It has been reported that preventable medical errors are responsible for the death of 400,000 Americans annually, the third highest cause of mortality after heart disease and cancer (23). If 60 to 70% of medical decisions are based on laboratory results, it stands to reason that erroneous laboratory results play some role in avoidable patient mortality (24). Anatomic pathologists have made significant efforts to track, categorize, and determine the impacts of errors in slide review in multicenter studies, but they have had difficulties in developing consensus on interpretation of results and root causes (15, 18, 19).
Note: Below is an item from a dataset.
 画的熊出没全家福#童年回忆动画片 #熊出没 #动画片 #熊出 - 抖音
Clinical microbiologists face similar obstacles in attempts to characterize the incidence and nature of errors in their laboratories. Many of the tests performed, such as the Gram stain, are prone to variability and differences in interpretation between technologists. Studies that have examined Gram stain error rates have generally focused on practices at a single institution and/or with limited specimen types (2 –6, 21, 25, 26). The absence of multicenter benchmark data on error rates in clinical microbiology laboratories limits the ability to effectively measure their performance against their peers. Since errors in clinical microbiology laboratories can have significant clinical impacts (22), it is imperative that greater efforts be made to generate data on their frequency of occurrence in clinical microbiology laboratories. This study represents the first such attempt to generate multicenter data on error rates during the performance of Gram stains.
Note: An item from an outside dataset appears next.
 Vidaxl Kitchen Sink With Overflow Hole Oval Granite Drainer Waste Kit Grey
The incidence of discrepant results for specimens was relatively similar between the four sites (4 to 6%), but the incidence of errors varied significantly (0.4% to 2.7%) (Table 2; Z-score of 3.6 to −3.1). For sites B and C, the majority of discrepant results (79% and 85%, respectively) were Gram stain negative/culture positive, while for sites A and D, discrepant results were primarily Gram stain positive/culture negative (85% and 61%, respectively) (Table 1). While all sites had quality control processes in place for monitoring of Gram stain/culture correlations, the extent of the programs varied based on location. Site A had a rigorous automated daily management system for monitoring discrepant Gram stain/culture results and had the lowest error rate (0.4%). Site A also had the lowest proportion of smear-negative/culture-positive specimens (15%), but conversely, this site had the highest proportion (85%) of smear-positive/culture-negative specimens. Site C conducted a daily manual secondary review of all culture reports and routinely performed secondary review on smears from sterile fluids that showed the presence of neutrophils but with no organisms noted on initial review, and this laboratory had the second lowest error rate (0.9%). Site B relied on manual detection of discrepant smear/culture results by technical staff but captured corrected reports daily by using an automated report from the LIS, with immediate review with staff involved. Site D used manual processes during routine workflow for the detection and follow-up of discrepant Gram stain/culture results. The lack of consistency in the nature of discrepancies between sites indicates that a variety of factors are involved, and addressing the issue of Gram stain consistency will be challenging.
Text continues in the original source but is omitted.